Top of SUPPLIED INFORMATION

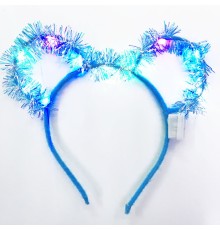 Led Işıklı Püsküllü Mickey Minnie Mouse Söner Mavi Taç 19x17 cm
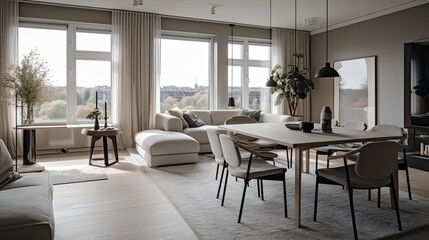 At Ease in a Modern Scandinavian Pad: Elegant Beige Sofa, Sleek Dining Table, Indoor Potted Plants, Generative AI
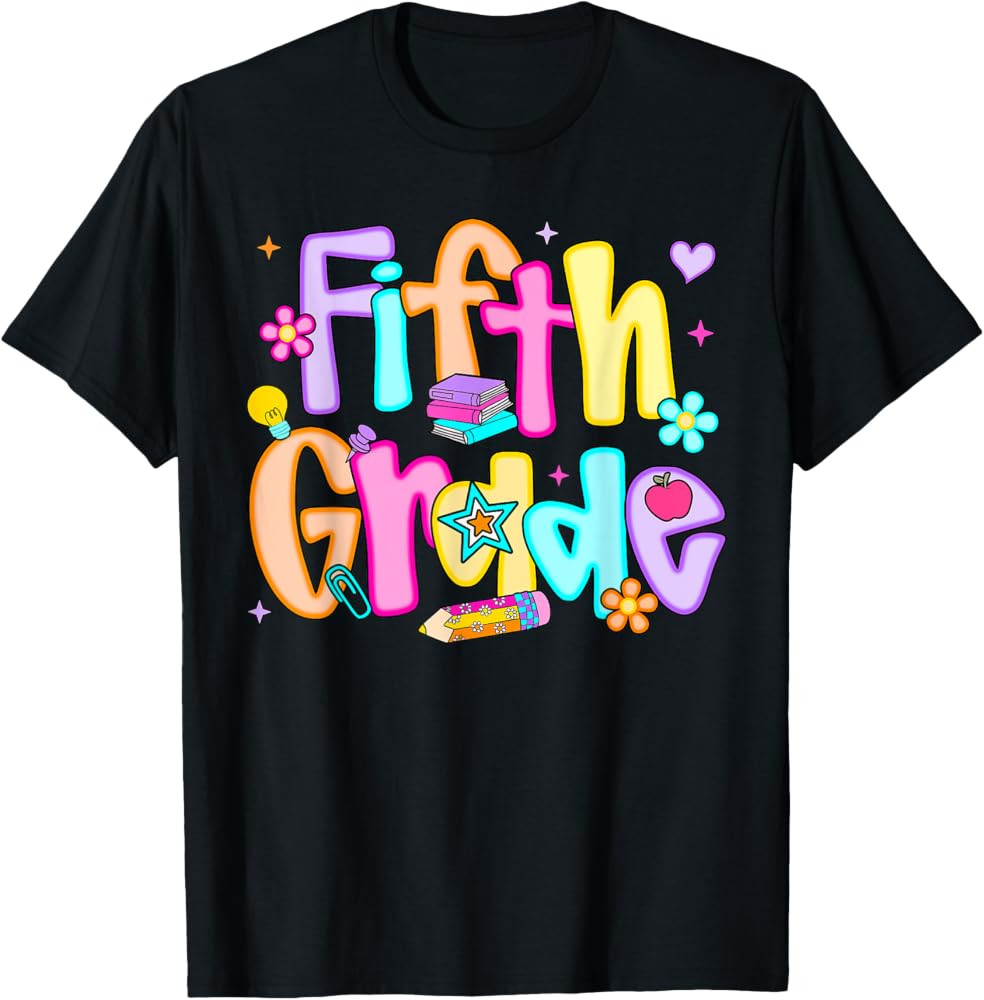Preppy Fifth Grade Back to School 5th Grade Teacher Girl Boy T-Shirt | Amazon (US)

Bottom of SUPPLIED INFORMATION

### GOAL OF THE EXERCISE
Output exactly the lines from the one that has "At Ease in a" through the end of the data. Do not include pictures.

### OUTPUT OF THE TASK
 At Ease in a Modern Scandinavian Pad: Elegant Beige Sofa, Sleek Dining Table, Indoor Potted Plants, Generative AI
Preppy Fifth Grade Back to School 5th Grade Teacher Girl Boy T-Shirt | Amazon (US)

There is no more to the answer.